What you are asked to do
From the line containing "Black Large |" down to the last line of the entries, print each line exactly and leave the pictures out.
Start of Block
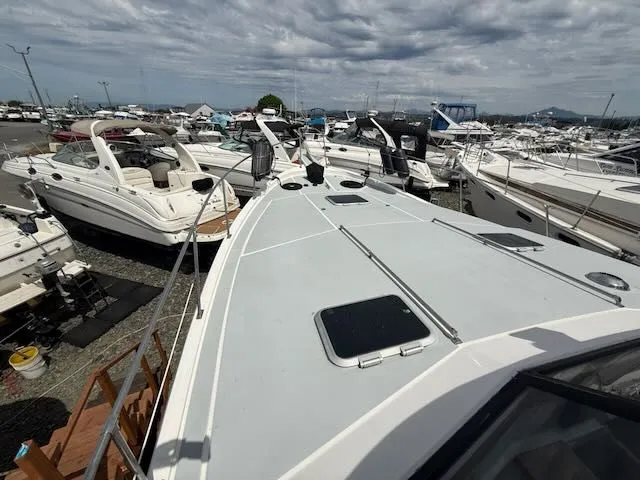 Slide: The Image of 1990 Bayliner 3888 Motoryacht docked at a marina. - 47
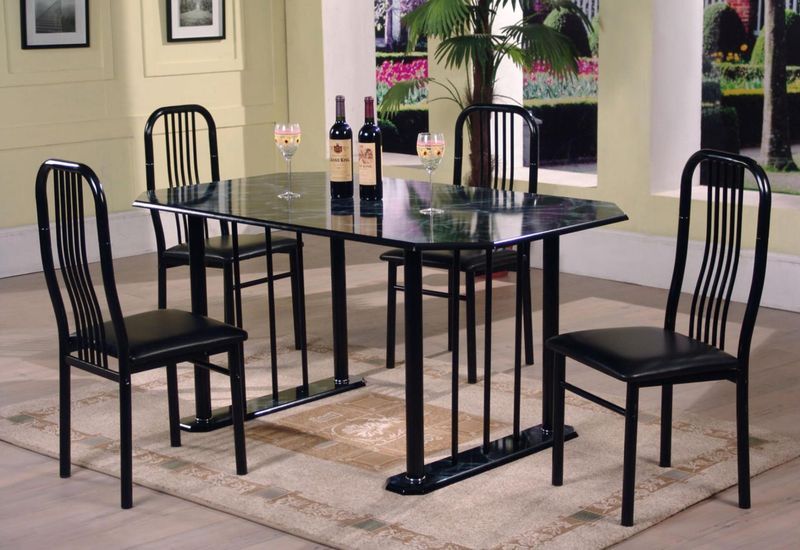 A dining room table with four chairs and two bottles of wine on it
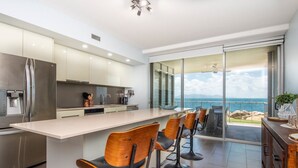 Une cuisine moderne dotée d’un grand îlot central, de tabourets de bar et offrant une vue sur l’océan.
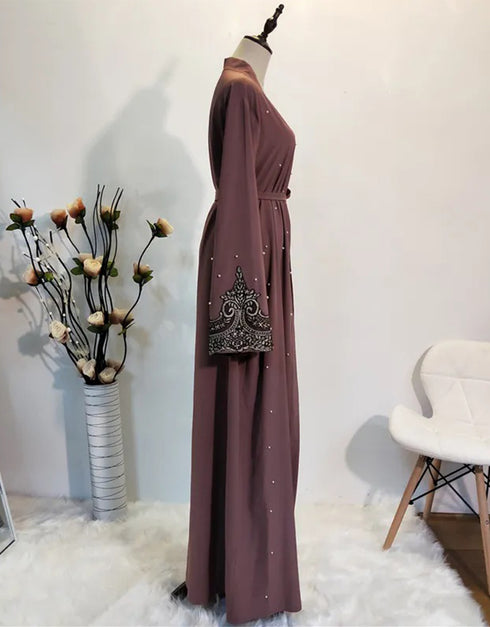 Timeless Beauty: Pearl-Adorned Abaya for Every Occasion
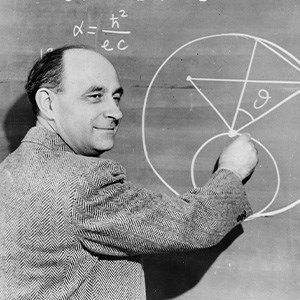 A black and white photo of a balding, middle-aged man in a gray suit drawing formulas on a chalkboard with his right hand as he looks to the right of the frame.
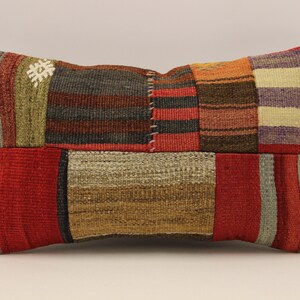 May include: A rectangular patchwork cushion with a variety of colours and patterns, including red, orange, brown, and white. The cushion is made of woven fabric and has a slightly textured surface.
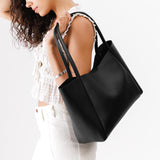 Black Large | Model holding large rectangular tote bag
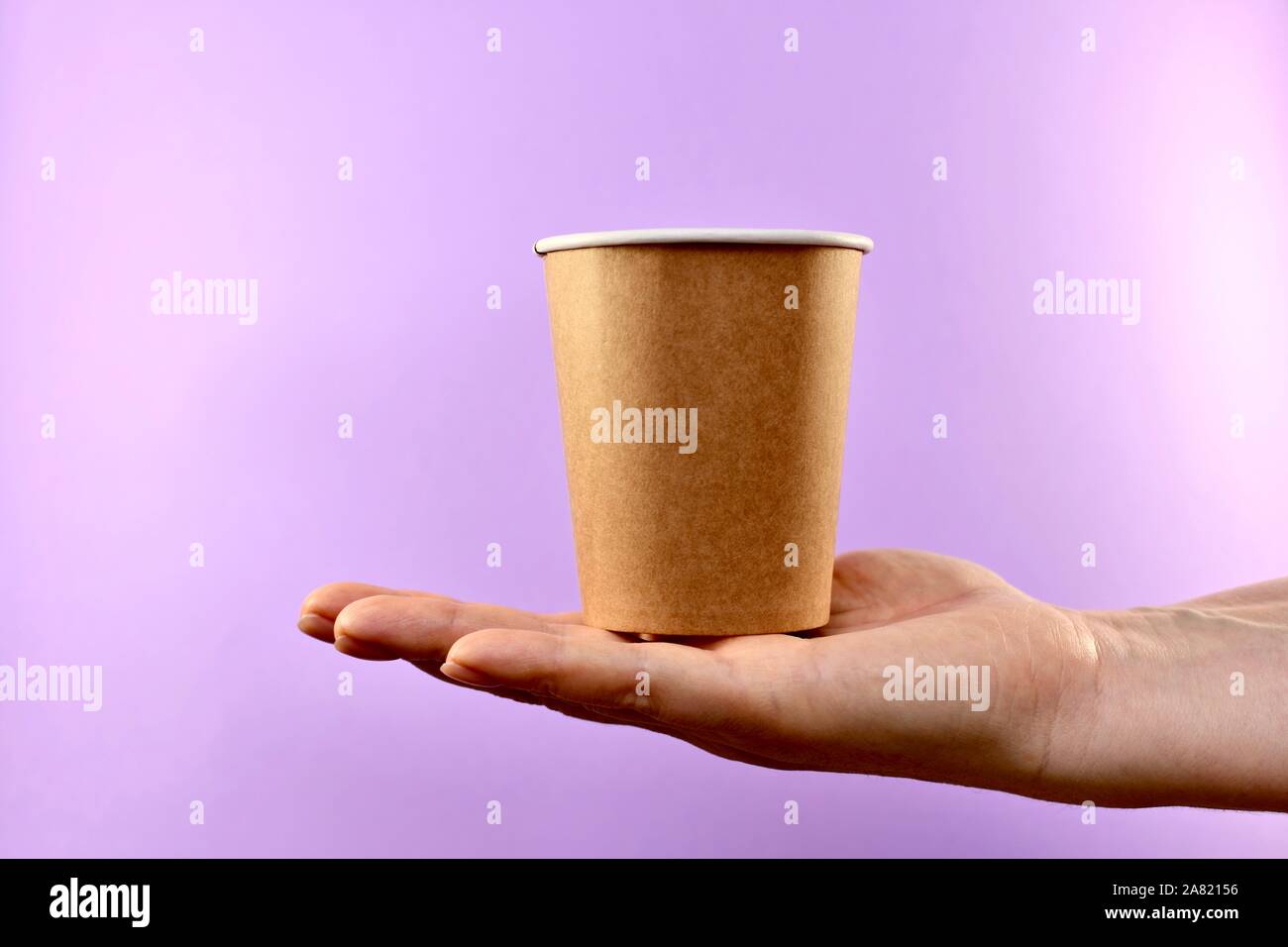 Paper cup in the palm, in the center right, on a purple background ...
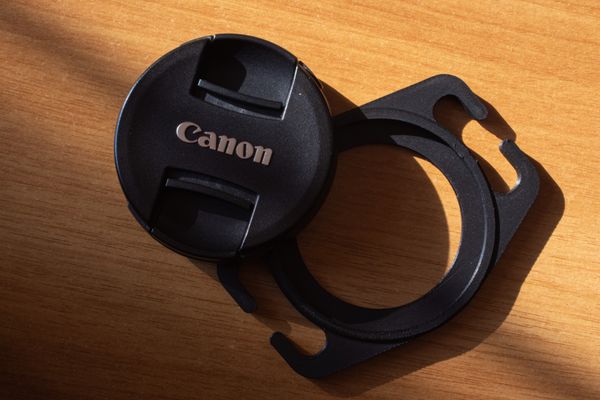 Picture of a Canon lens cap and a black, 3d-printed lens cap holder sitting on a wooden table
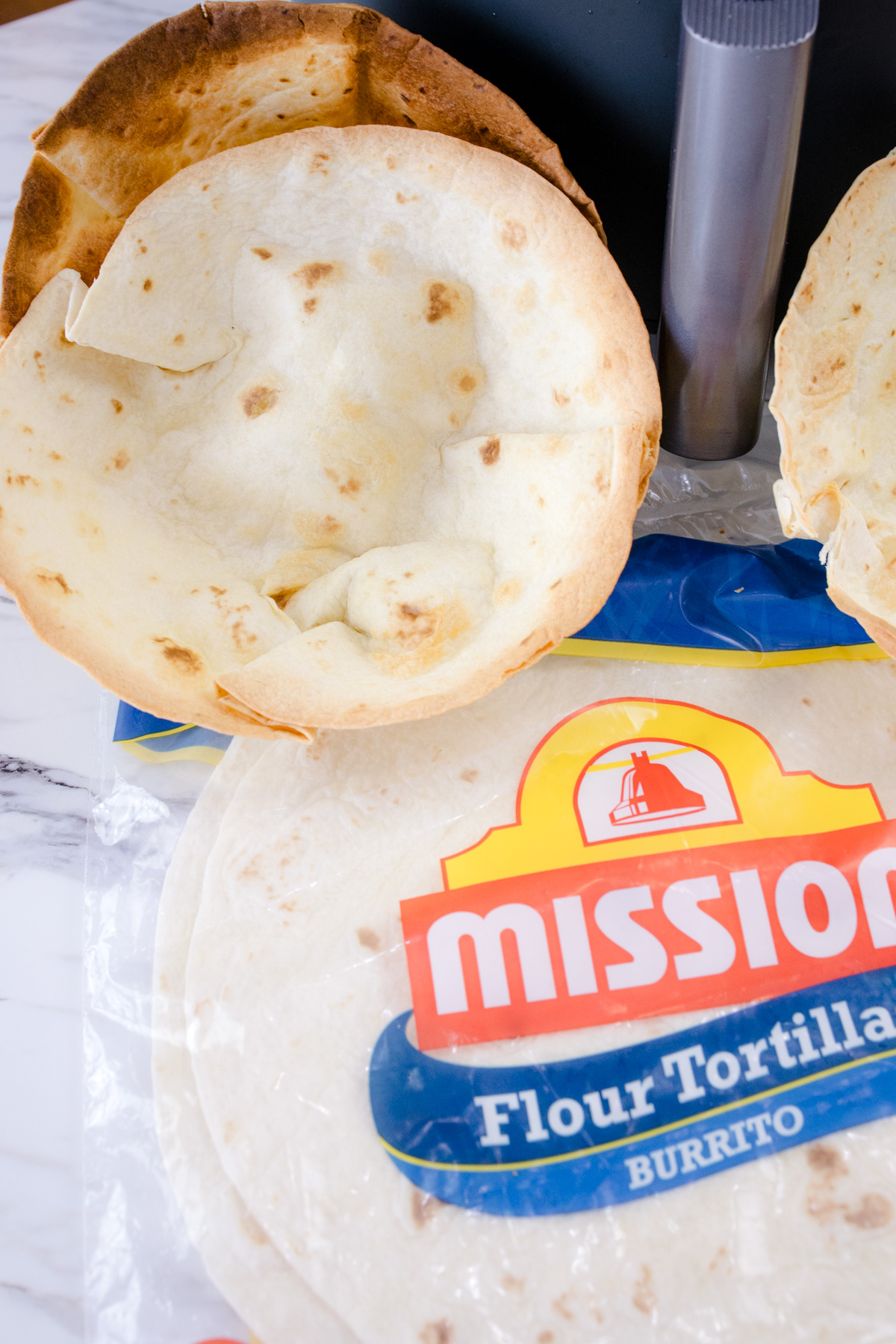 Air Fryer Flour Tortilla Bowls propped up against an air fryer with a packet of flour tortillas lying in front of them.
End of Block
Solved problem
 Black Large | Model holding large rectangular tote bag
 Paper cup in the palm, in the center right, on a purple background ...
 Picture of a Canon lens cap and a black, 3d-printed lens cap holder sitting on a wooden table
 Air Fryer Flour Tortilla Bowls propped up against an air fryer with a packet of flour tortillas lying in front of them.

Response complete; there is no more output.